Selon les simulations climatiques du projet Drias (pages 32 et 33 du document PDF), menées par plusieurs laboratoires français, les moyennes saisonnières présenteront à l'avenir toutes un réchauffement "plus sévère en été et moindre au printemps". L'écart de températures estimé en été entre les années 2021 et 2050 grimpe encore d'un degré (en valeur médiane) dans un scénario de réduction drastique des émissions de gaz à effet de serre et de 1,3 °C (toujours en valeur médiane) pour les deux autres scénarios d'émissions. Soit les conditions d'un accroissement à court terme des phénomènes extrêmes, portés par ces moyennes plus chaudes. 

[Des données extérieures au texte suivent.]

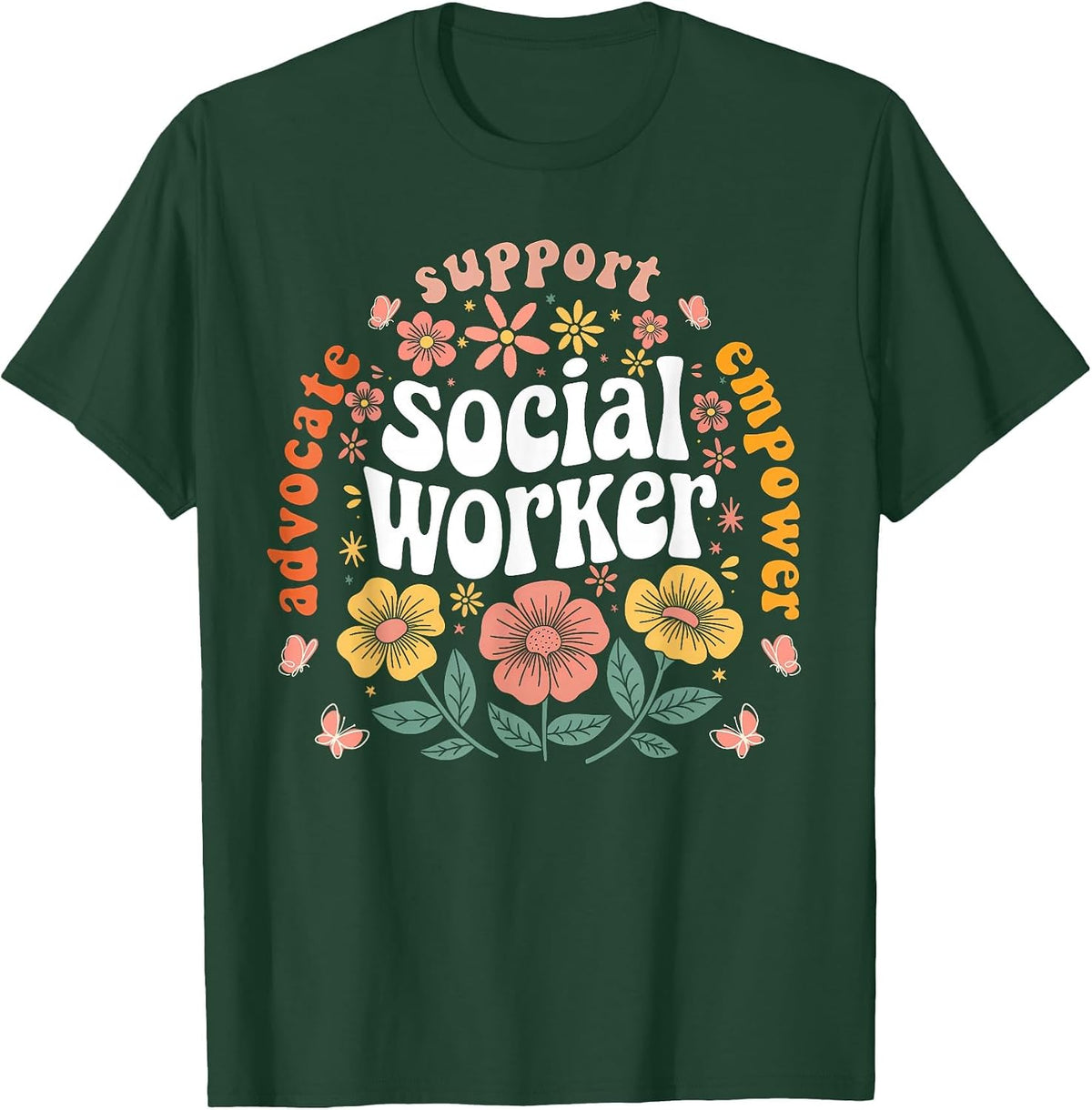 Social Worker Appreciation Flower Social Work Month 2025 T-Shirt - Dark Green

A l'horizon, "des possibles" toujours plus inquiétants

"Le changement climatique intervient sur le champs des possibles", résume le climatologue Christophe Cassou. Pour lui, c'est en parlant de probabilités que l'on représente le mieux l'action sur notre climat du changement qui s'opère. "Avec un réchauffement global de 1,1 °C ou 1,2 °C par rapport à l'ère pré-industrielle [le niveau de réchauffement actuel à l'échelle mondiale], la canicule de juin 2019 avait une chance sur cinquante de se produire", explique le spécialiste. "A 1,5 °C de réchauffement global – ce que nous attendons de manière certaine avant 2040, voire très probablement dans la décennie 2030 –, on passe à une chance sur dix de connaître un tel événement. A 2 °C supplémentaires – ce vers quoi on se dirige vers 2050 ou 2060 si l'on se fie aux politiques publiques mises en place actuellement –, c'est une chance sur quatre. A ce niveau de probabilité, la canicule de 2019 deviendra le climat normal en été." 

Ce curseur "des possibles" ne cesse de se décaler dans le rouge. Voire dans le noir, et au-delà : des couleurs qui ont fait frémir les internautes quand d'étonnantes cartes affichant pour la mi-juillet des températures à plus de 45 °C sur une majeure partie de la France ont circulé sur les réseaux sociaux.

Issue d'un scénario parmi des centaines d'autres, et produite par un modèle appelé "GFS", cette carte n'avait pourtant rien d'une prévision, se sont empressés de rappeler les spécialistes. A la même échéance, "un autre scénario, avec la même probabilité, affichait 28 °C", rappelle Christophe Cassou. Mais si, "prendre un modèle de manière isolée à dix jours d'échéance n'a aucun sens en termes de prévisibilité, le fait qu'un modèle puisse produire des températures aussi élevées – qu'elles se réalisent ou non – donne une indication de ce que peut être le climat aujourd'hui", relève-t-il. 

"Avec le même modèle, on fait des prévisions rétrospectives, c'est-à-dire que l'on rejoue le passé, par exemple les années 2000", poursuit le climatologue. "On voit que le même modèle, avec ses erreurs et biais intrinsèques, prévoit des températures aujourd'hui bien plus élevées que ce qu'il aurait pu prévoir en 2000." A défaut d'être une prévision fiable, ces simulations constituent donc, a minima, une mise en garde. Contre "des possibles" de moins en moins souhaitables.